David Lynch  Sinfonía Industrial Nº 1. El sueño del que tiene el corazón roto. (teatro)


 “Dile a tu corazón que me hiciste llorar, dile a tu corazón que no me deje morir”.

(Rockin’ back inside my heart. David Lynch).    Director de cine, fotógrafo, domador de hormigas (sí, domador de hormigas), artista plástico, melómano, diseñador de muebles... El estadounidense David Lynch es todo eso y, encima, en sus ratos libres, se dedica a poner en escena obras de teatro absurdas e inquietantes. La mejor de ellas -y la única hasta donde yo conozco- es “Industrial Symphony N 1. The dream of the broken hearted”, una obra dividida en varios actos que giran en torno a la figura de una actriz y las canciones -tristes, melancólicas, desbordantes de dolor- que interpreta. Quiero volver a decirlo, por si alguien no comprendió: no es un musical, es una obra sumamente absurda e inquietante. 
   Lynch es famoso por su carrera cinematográfica. Eraserhead (1976), El hombre elefante (1980), Duna (1984), Terciopelo Azul (1986), Corazón Salvaje (1990), Twin Peaks. El fuego camina conmigo (199?), y la reciente Lost Highway (1997) hablan de un cineasta influido por el surrealismo, obsesionado por crear imágenes irracionales y estados oníricos y por criticar violentamente al gran sueño americano a través de la diferenciación de dos universos opuestos y antagónicos: el mundo convencional, cotidiano e hipócrita y el mundo siniestro, marginal, oculto, que late debajo de las apariencias y los valores sociales establecidos. 
   “Tengo la cabeza llena de humo, llena de dolor”, canta -suspira, murmura- la actriz Julee Cruise mientras baja de las alturas del escenario flotando como si fuese un ángel o una especie de hada buena. Su vestido blanco, su pelo blanco. Abajo la espera lo desconocido, lo perverso... el mal. Un enano vestido con saco, sombrero y tacones, serrucha un tronco. Una mujer desnuda se retuerce sobre un automóvil vacío, se toca impúdicamente, cuelga de grandes columnas eléctricas y estructuras de hierro que pueblan el lugar. Arriba hay luz. Abajo oscuridad, llamaradas, humo. 
   En cada uno de los episodios y en la puesta tomada como una totalidad aparecen las preocupaciones estéticas de Lynch, las mismas que lo acompañan en todas sus actividades: “Las industrias como elemento iconográfico visual y sonoro; la búsqueda del lado oscuro de las personas y la expresión de sus temores más profundos; la creación de climas extraños, cerrados y perturbadores, con el mal latiendo a cada paso; la configuración de un mundo cerrado, con dos caras: la superficie y la profundidad, habitada por el mal; los monstruos generados por la sociedad; la convivencia del sueño y la vigilia” (Ossessione, número uno). 

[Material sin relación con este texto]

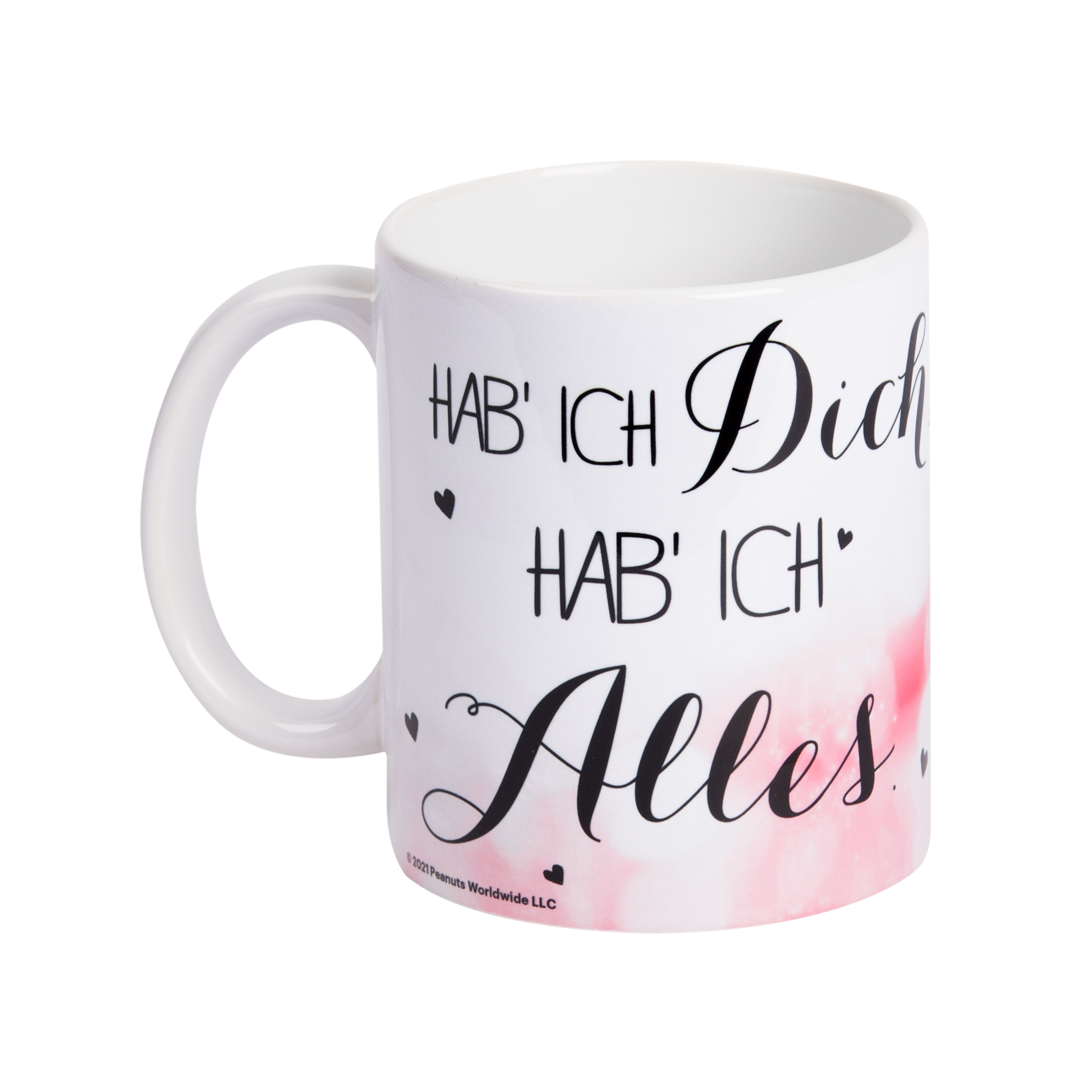 Weißer Becher mit schwarzem Schreibschrifttext und kleinen Herzen.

   Voces en off hablan incoherencias o se refieren a algo que nadie entiende. Sonidos y ritmos minimalistas, ruidos de sirenas, máquinas funcionando en un segundo plano. En ese ambiente de pesadilla las miradas se cruzan con temor, la gente enloquece, el enano corre llevando un carrito con una bombita de luz encendida. Algo malo está por suceder. Algo diabólico se avecina. 
El hada canta: “En la noche... las sombras flotan, las sombras flotan en el aire/ Yo grito... grito tu nombre/ La noche es tan oscura. ¿En dónde estás?/ Vuelve a mi corazón”. Se escuchan alaridos, zumbidos de abejas, y la mujer cae. Cae y se estrella contra el suelo del escenario. Varios hombres sin rostro aparecen con linternas y ayudan a incorporarse a un demonio -un cabro rojo, altísimo, con cuernos- que lucha con el enano. Lamentos, trompetas que desafinan, sonidos animalescos, todo ayuda a darle un acento perverso a la escena. 
   Se trata de una performance de 50 minutos absolutamente incoherente y delirante, que fue llevada a cabo y grabada el 10 de noviembre de 1989 en el “Opera House” de la Academia de Música de Brooklyn, en los Estados Unidos. Como dije, está separado en actos -diez en total- continuos e ininterrumpidos. Actos que en realidad son canciones (todas compuestas por Lynch y su inseparable colaborador, el músico Angelo Badalamenti), historias de amores no correspondidos, de tristeza, de melancolía y soledad. 
   Casi al final, el enano -esta vez acompañado únicamente por una mujer semidesnuda y un hombre que toca el clarinete- interpreta una de las escenas más dramáticas de la película Corazón Salvaje. Antes de hacerlo se presenta ante la audiencia: “Quiero contarles un sueño triste, el sueño del que tiene el corazón roto”.